Problem to work on |
Through the last line of the entries, please copy every line exactly, starting with the one that contains "By using these".

Data listing |

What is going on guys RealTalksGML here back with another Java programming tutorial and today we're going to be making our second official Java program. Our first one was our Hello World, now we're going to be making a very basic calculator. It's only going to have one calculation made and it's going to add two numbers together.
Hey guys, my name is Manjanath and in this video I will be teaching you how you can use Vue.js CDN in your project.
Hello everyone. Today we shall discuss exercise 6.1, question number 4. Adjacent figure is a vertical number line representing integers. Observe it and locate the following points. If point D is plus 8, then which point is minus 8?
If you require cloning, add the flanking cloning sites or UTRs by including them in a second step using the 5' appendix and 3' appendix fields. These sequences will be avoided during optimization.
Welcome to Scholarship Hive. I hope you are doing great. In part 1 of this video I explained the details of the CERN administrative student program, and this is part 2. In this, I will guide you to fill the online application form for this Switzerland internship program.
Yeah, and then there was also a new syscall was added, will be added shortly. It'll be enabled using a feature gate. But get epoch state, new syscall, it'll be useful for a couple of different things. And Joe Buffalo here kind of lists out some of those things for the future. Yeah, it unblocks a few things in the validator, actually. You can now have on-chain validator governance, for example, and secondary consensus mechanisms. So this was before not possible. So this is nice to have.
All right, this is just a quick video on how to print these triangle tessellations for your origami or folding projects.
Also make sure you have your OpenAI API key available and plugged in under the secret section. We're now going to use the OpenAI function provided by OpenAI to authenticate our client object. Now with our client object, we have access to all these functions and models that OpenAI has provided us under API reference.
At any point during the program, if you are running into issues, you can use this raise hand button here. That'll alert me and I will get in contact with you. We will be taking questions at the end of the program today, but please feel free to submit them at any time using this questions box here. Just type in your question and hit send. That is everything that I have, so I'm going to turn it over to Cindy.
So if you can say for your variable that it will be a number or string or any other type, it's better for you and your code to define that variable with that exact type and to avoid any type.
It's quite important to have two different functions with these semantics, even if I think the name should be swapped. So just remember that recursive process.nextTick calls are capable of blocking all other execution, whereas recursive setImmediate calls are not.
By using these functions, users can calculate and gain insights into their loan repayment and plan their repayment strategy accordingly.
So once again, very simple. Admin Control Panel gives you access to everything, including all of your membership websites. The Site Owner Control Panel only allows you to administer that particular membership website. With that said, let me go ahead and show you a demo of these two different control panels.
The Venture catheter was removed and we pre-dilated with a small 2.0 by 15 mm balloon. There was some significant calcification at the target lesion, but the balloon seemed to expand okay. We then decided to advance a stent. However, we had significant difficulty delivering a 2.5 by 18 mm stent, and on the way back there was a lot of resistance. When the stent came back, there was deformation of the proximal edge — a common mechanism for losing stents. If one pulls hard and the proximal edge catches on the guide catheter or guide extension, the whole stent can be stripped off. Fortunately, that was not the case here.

Result |
By using these functions, users can calculate and gain insights into their loan repayment and plan their repayment strategy accordingly.
So once again, very simple. Admin Control Panel gives you access to everything, including all of your membership websites. The Site Owner Control Panel only allows you to administer that particular membership website. With that said, let me go ahead and show you a demo of these two different control panels.
The Venture catheter was removed and we pre-dilated with a small 2.0 by 15 mm balloon. There was some significant calcification at the target lesion, but the balloon seemed to expand okay. We then decided to advance a stent. However, we had significant difficulty delivering a 2.5 by 18 mm stent, and on the way back there was a lot of resistance. When the stent came back, there was deformation of the proximal edge — a common mechanism for losing stents. If one pulls hard and the proximal edge catches on the guide catheter or guide extension, the whole stent can be stripped off. Fortunately, that was not the case here.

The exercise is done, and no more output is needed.